Friday, May 4, 2012

Blog Response to Nancy Lublin, Texting that Saves Lives

Blog Response to Nancy Lublin, Texting that Saves Lives
                Nancy Lublin’s TED talk about how texting can save lives was very eye-opening and challenged many ideas. Everyone knows that texting is a very big part of many teens lives. Most of us (myself included) are on our phones nearly 24/7. It’s how we stay connected, entertained, and according to Nancy Lublin, safe. Lublin created a hotline for kids to be able to text if they are ever undergoing trouble in their lives or having bad thoughts such as suicide. This hotline is a great place for kids to go to just vent about bullying, school, family, or any problems they may have and they are able to get answers and advice.
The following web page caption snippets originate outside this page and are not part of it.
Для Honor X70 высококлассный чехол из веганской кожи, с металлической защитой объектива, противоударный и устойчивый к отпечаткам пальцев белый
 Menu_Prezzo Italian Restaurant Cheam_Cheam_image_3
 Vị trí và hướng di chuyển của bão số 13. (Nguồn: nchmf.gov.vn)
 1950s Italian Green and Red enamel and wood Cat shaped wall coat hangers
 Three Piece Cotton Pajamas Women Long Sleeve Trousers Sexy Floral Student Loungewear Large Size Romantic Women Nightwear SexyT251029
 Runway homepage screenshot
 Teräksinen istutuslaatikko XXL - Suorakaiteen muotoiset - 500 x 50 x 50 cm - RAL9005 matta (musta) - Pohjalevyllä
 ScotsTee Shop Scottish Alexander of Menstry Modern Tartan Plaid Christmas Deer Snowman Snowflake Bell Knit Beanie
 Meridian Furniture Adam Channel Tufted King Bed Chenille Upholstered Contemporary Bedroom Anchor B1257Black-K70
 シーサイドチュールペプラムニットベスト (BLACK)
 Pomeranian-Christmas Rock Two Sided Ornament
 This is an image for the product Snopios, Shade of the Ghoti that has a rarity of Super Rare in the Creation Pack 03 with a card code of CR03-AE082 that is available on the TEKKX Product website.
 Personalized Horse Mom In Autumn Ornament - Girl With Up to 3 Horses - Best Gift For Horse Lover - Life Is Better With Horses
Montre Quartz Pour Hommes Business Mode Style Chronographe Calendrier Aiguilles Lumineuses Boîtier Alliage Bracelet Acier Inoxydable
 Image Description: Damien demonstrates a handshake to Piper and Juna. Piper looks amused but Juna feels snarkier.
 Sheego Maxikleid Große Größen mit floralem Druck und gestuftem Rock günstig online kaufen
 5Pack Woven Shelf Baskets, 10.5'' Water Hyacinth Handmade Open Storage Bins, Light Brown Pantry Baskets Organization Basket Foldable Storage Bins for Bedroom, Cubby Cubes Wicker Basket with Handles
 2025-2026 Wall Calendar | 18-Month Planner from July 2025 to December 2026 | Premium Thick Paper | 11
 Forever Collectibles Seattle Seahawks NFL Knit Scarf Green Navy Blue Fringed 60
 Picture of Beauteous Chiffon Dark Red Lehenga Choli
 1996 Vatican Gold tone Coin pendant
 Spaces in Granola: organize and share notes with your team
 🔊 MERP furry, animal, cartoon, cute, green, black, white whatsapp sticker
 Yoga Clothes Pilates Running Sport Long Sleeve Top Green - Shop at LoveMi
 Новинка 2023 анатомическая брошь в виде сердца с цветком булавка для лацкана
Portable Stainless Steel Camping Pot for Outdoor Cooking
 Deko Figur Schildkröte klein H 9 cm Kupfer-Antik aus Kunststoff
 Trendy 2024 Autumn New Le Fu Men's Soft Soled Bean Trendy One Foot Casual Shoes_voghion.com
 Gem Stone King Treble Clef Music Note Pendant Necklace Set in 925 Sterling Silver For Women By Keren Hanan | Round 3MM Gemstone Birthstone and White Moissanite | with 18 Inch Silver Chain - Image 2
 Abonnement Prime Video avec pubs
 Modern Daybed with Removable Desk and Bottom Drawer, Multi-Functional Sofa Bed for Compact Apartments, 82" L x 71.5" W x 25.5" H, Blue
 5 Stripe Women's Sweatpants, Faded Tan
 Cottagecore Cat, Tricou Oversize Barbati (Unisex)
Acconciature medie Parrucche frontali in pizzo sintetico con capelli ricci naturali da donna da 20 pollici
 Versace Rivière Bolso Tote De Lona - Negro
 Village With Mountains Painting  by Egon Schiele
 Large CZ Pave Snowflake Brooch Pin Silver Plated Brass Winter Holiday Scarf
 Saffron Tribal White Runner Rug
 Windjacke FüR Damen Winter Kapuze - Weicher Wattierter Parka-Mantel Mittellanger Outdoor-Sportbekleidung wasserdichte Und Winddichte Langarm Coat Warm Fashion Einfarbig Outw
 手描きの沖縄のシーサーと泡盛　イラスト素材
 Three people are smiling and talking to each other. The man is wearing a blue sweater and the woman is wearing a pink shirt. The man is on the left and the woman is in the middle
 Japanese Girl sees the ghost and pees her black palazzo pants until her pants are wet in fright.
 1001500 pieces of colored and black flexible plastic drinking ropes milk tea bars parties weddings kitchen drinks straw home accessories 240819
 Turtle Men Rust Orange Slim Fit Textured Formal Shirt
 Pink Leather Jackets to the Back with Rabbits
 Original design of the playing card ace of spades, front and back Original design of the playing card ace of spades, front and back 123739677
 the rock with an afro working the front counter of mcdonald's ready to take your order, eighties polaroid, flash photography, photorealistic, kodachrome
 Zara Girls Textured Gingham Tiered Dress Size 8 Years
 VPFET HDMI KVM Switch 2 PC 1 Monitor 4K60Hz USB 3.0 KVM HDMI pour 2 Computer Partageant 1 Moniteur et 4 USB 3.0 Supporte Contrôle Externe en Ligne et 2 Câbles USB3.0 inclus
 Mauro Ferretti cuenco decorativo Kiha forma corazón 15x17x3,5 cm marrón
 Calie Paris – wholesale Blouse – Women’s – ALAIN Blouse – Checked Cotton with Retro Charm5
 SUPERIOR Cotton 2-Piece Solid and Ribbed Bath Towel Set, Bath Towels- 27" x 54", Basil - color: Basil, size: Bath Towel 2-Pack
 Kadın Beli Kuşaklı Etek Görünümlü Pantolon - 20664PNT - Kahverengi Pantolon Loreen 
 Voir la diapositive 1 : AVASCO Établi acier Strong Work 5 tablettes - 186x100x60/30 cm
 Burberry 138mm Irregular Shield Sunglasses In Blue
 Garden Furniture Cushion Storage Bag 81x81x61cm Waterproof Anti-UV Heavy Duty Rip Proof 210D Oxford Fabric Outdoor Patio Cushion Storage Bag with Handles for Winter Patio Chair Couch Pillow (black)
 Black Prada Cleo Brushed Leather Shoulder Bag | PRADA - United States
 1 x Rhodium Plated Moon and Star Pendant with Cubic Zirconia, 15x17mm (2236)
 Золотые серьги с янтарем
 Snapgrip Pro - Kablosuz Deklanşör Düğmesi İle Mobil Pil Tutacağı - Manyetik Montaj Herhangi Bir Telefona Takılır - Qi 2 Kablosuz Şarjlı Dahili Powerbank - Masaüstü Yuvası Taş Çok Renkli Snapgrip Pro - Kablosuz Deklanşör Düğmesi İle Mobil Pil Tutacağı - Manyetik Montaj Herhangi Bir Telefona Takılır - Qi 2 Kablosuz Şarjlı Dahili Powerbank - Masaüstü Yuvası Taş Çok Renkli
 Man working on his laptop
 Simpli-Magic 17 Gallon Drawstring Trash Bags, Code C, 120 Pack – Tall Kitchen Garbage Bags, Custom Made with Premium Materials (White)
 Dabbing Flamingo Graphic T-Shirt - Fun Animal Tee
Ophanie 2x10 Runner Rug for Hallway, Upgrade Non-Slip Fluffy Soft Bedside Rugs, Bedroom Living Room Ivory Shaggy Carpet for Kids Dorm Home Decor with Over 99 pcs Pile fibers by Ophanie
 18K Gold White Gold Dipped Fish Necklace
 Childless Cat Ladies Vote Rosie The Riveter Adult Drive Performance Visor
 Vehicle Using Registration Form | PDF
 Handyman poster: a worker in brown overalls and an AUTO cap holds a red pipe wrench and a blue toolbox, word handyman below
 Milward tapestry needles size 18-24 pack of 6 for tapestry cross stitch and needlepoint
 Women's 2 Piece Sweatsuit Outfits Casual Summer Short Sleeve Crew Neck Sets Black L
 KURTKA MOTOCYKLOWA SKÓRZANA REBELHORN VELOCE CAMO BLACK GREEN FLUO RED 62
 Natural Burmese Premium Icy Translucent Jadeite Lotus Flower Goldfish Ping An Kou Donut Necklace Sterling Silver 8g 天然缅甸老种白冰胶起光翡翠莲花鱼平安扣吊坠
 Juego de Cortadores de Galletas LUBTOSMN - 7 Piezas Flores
The great thing about this hotline is that it can be accessed anywhere. Anyone who has a phone is able to get advice around the clock and I personally think this is a great idea.
                One thing that made this TED talk so inspiring was the way Lublin presented it. It was obvious that she was very passionate about this topic and she really did a great job of connecting with the audience. She gave examples that everyone can connect with and let’s be honest, every person in the world has been teased or bullied at one point in their life and this is a great way for these people to find relief.  Lublin is very energized during her speech which is great for keeping the audience involved but when she talks about these kids that are getting bullied she becomes quiet and serious which really helped me understand the severity of the presentation.  Not only was I intrigued it was obvious that the audience was very intrigued by her amazing speech. She made her point clear and I personally think that her hotline is just one of the many things that will change the world.

Wednesday, May 2, 2012

Blog Response to Dave Eggers’ Wish Upon a Schoo

Blog Response to Dave Eggers’ Wish Upon a School


    Dave Eggers’ TED talk about his idea for creating a place for students to go for academic help that is free and comfortable was amazing. He talked about the creation of his tutor center which was located behind his pirate supply store and how it was packed everyday and why. Eggers secret to success was his ability to make the tutor center comfortable. Students always were able to receive one on one attention. Since the tutor center was also in the same building as his writing company students were often working right next to other writers and could simply lean over and ask any question and be given a response from a very experienced writer. I believe that this idea is an amazing way for students to get help with school but be comfortable about it to. Lets be honest, tutoring centers are not the funnest place for the average student but making an easy environment Dave Eggers has made tutor centers a whole new world for struggling students. 
Dave Eggers presentation was very inspiring but not given as well as it could have been. It was obvious that Dave was nervous and he many times said “uhm” or “uh” during his sentences which was a bit distracting. Eggers’ presentation was based mostly on example, which I liked. He had great pictures for every example he gave and it was really easy to understand what he was getting at. Eggers’ was also very funny. He had the audience in roaring laughter many times but he was also able to really connect to them with his TED wish.
Eggers performance was unique because at the end he asked something of the

Audience, a TED wish. A TED wish is when you ask something of the audience and Eggers’ wish was “I wish that you — you personally and every creative individual and organization you know — will find a way to directly engage with a public school in your area, and that you’ll then tell the story of how you got involved, so that within a year we have 1,000 examples of innovative public-private partnerships.” This wish really connected to me personally and I know that it left a lasting impression in my mind. Dave Eggers’ TED talk was truly phenomenal.